Known limitations
This page is the short version of Bloodraven's current boundaries. Read it before writing production manifests so the failure and recovery model matches your expectations.
API maturity
- The CRD API version is
shipstream.io/v1alpha1. - Fields may still change before
v1beta1/v1. - There is not yet a published CRD conversion-webhook or migration contract. Track this under the CRD version-migration wishlist item.
Replication and RPO
- Bloodraven uses asynchronous MySQL replication. Emergency failover can lose transactions that committed on the old primary but had not reached the promoted replica.
- The operator records promotion and divergent GTID sets so data loss is observable, but it does not merge divergent data automatically.
- Planned failover is the zero-RPO path: it fences the source, waits for
the target's
GTID_EXECUTEDto cover the fenced source GTID, then promotes. - If you require synchronous commit semantics or quorum-based zero RPO on primary loss, Bloodraven is the wrong tool; see Why not Group Replication?.
Operator availability
- Leader election is enabled by the chart, but the default deployment still runs one replica. Run more than one operator replica only after validating the deployment model in your cluster.
- Sidecars preserve safety while the operator is unavailable, but new failover decisions wait for an operator to run.
- If the primary fails while the operator is down, writes remain unavailable until the operator returns and completes failover.
Placement and shared nodes
- Taints and node discovery are scoped per failover group with
spec.sites[].taintNodeSelector, so one physical node can advertise membership in multiple failover groups at the same site. - Application workloads on shared nodes must tolerate other groups' readonly taints but not their own group's taint.
Backups and restore
- Backup and PITR support is present, including backup verification, but restore-duration metrics and restore-performance guidance are still missing.
- In-place restore exists for destructive rollback of a live group. Use it carefully: full-instance restore fences writes and reclones the peer after loading the dump.
- PVC loss can be recovered by recloning from the current primary, but committed transactions that only existed on the lost PVC are gone. See Operations.
- Total cluster loss (all nodes and PVCs destroyed) requires recovering
into a separate Kubernetes cluster from the source backup archive.
See Multi-cluster DR for the end-to-end
runbook using
spec.initFromBackupwith optional PITR replay.
Dragonfly co-management
- Managed Dragonfly is optional and intended for cache/session continuity, not durable application state.
- Dragonfly pods use ephemeral storage unless you configure
spec.dragonfly.snapshotfor planned snapshot-restore maintenance.

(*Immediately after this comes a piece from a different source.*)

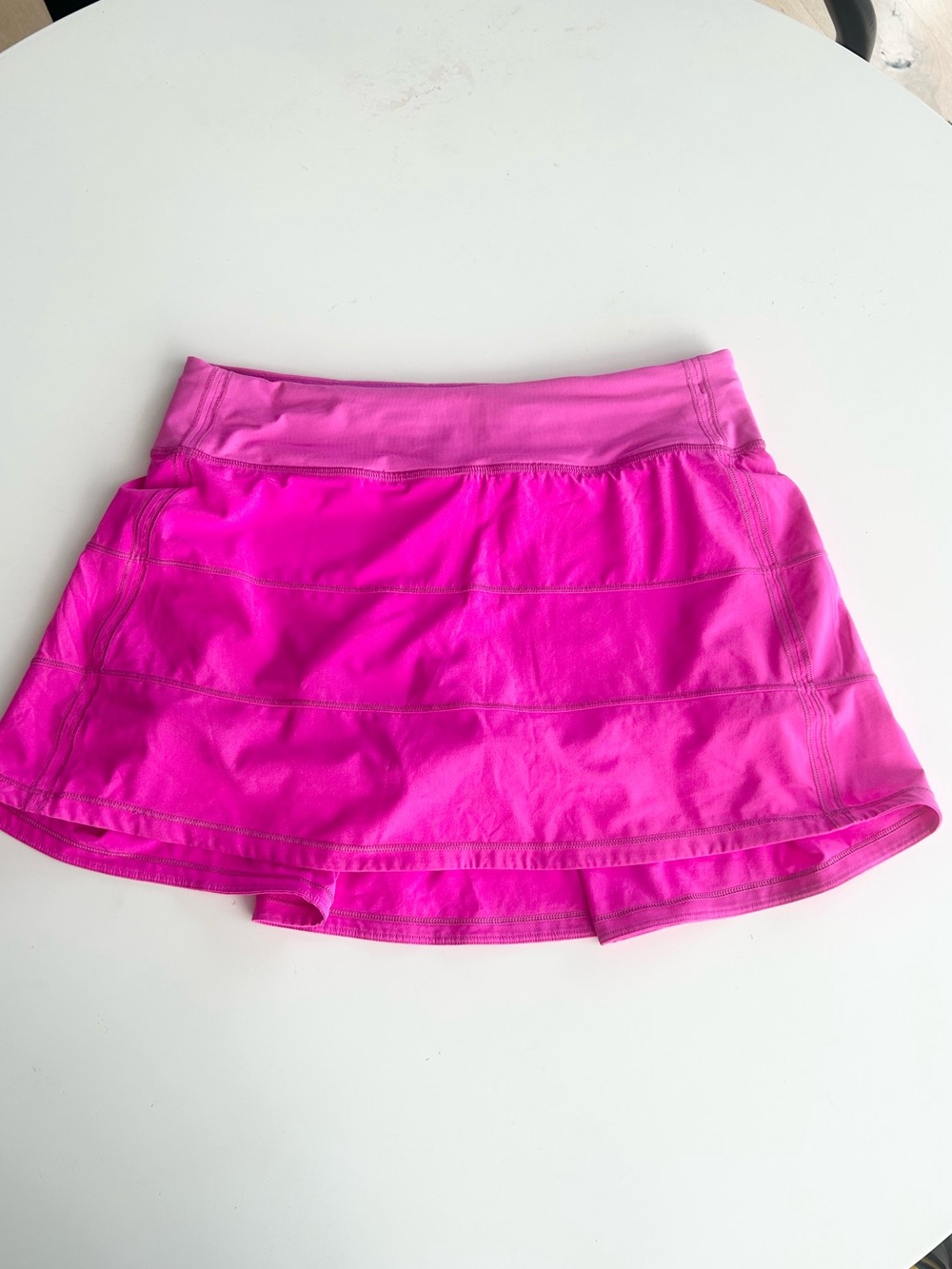 Lululemon Women’s pace rival neon hot pink tennis skirt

Bloodraven does not schedule Dragonfly backups as durable data backups. - Emergency MySQL failover never blocks on Dragonfly. If Dragonfly sync or promotion fails, sessions/cache may be discarded while MySQL recovery completes.

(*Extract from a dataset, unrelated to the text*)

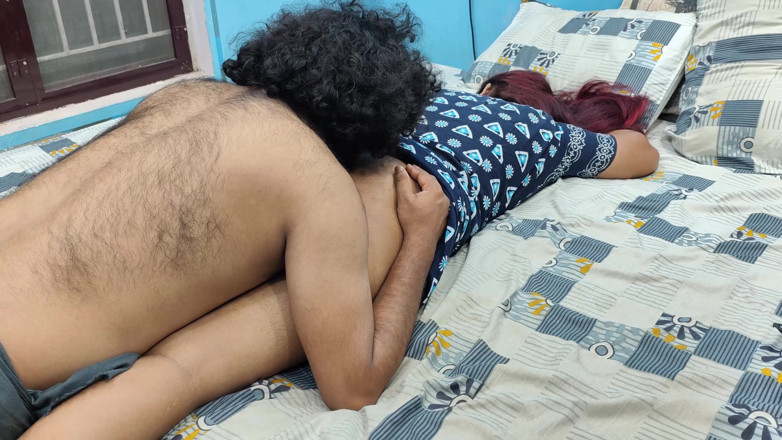 Vaigavarun45: Cuplu malaiezian sexy în cur linge romantism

spec.tlsapplies to MySQL, not Dragonfly. Protect Dragonfly with NetworkPolicy, Dragonfly auth, and any external TLS/service-mesh controls your environment requires.
Network partitions
- The failure-mode matrix covers common partition classes, but a dedicated network-partition runbook with metrics/events for each asymmetric case is still missing.

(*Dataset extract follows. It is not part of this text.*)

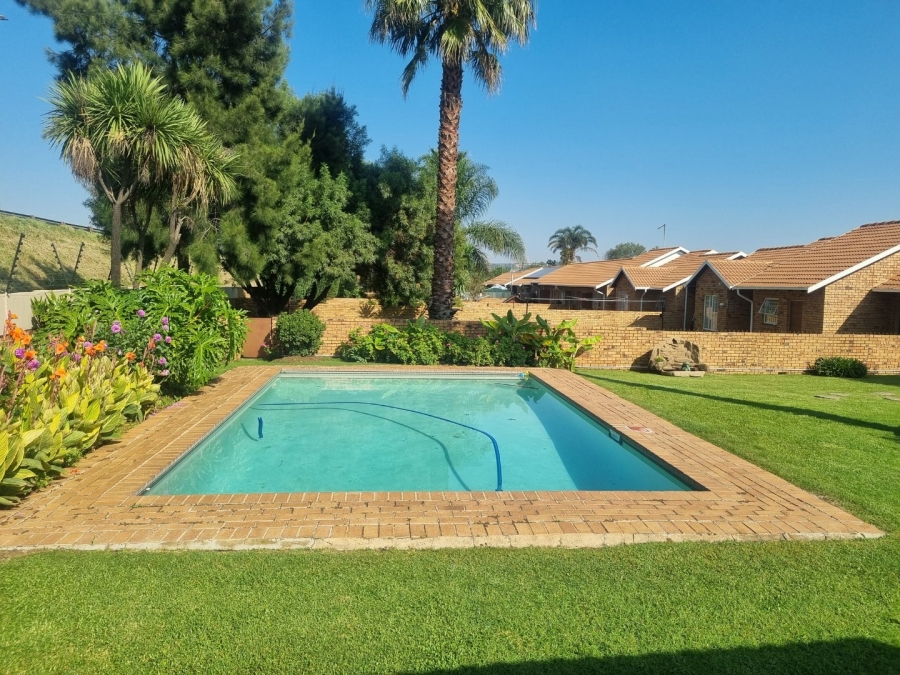 To Let 3 Bedroom Property for Rent in Witfield Gauteng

- Playground partition tests must use pod-level NetworkPolicy or an equivalent mechanism; host-level iptables rules do not reliably block Kubernetes Service traffic in k3d.
Observability and tooling
- Grafana dashboards and metrics are shipped, but PrometheusRule alert examples are not yet packaged as first-class chart artifacts.
- There is no
kubectl bloodravenplugin yet. Use annotations,kubectl get, andkubectl describefor operations.
External dependencies
- DNS steering depends on external-dns consuming
DNSEndpointobjects. Bloodraven updates the CR; DNS provider propagation time and TTLs are outside the operator's control. - Production installs need real topology-aware persistent storage. Local path / hostPath storage is acceptable for playground use only.
- The unauthenticated auxiliary and sidecar HTTP surfaces assume a trusted pod network. Use NetworkPolicy before exposing those Services broadly.